(DATA RECORDS)

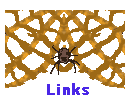 Links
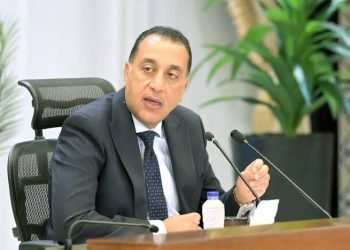 مدبولي يشهد توقيع اتفاقية مراسي البحر الأحمر بـ استثمارات 900 مليار جنيه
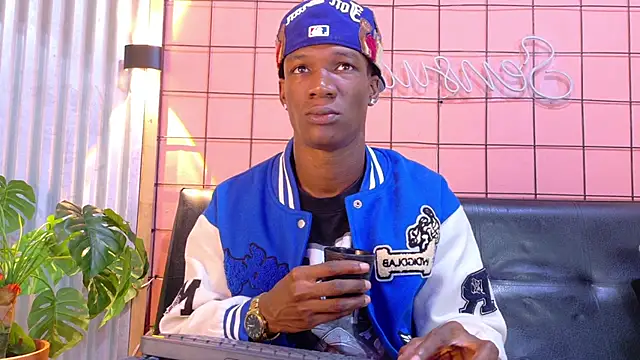 martin killer online show from January 2026 01:43:01 AM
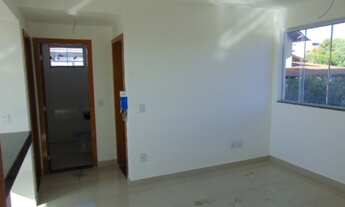 Imagem 2: BELO HORIZONTE - Apartamento Padrão - MARIA HELENA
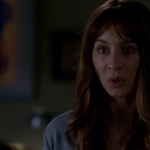 Pretty_Little_Liars_S07E16_WEB-DL_720p_DUAL_WWW_COMANDOTORRENTS_COM_0871.jpg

(End DATA RECORDS)

▶ **EXERCISE BRIEF**
Transcribe all the lines above exactly; any image among them is skipped.

▶ **TASK SOLUTION**
 Links
 مدبولي يشهد توقيع اتفاقية مراسي البحر الأحمر بـ استثمارات 900 مليار جنيه
 martin killer online show from January 2026 01:43:01 AM
 Imagem 2: BELO HORIZONTE - Apartamento Padrão - MARIA HELENA
 Pretty_Little_Liars_S07E16_WEB-DL_720p_DUAL_WWW_COMANDOTORRENTS_COM_0871.jpg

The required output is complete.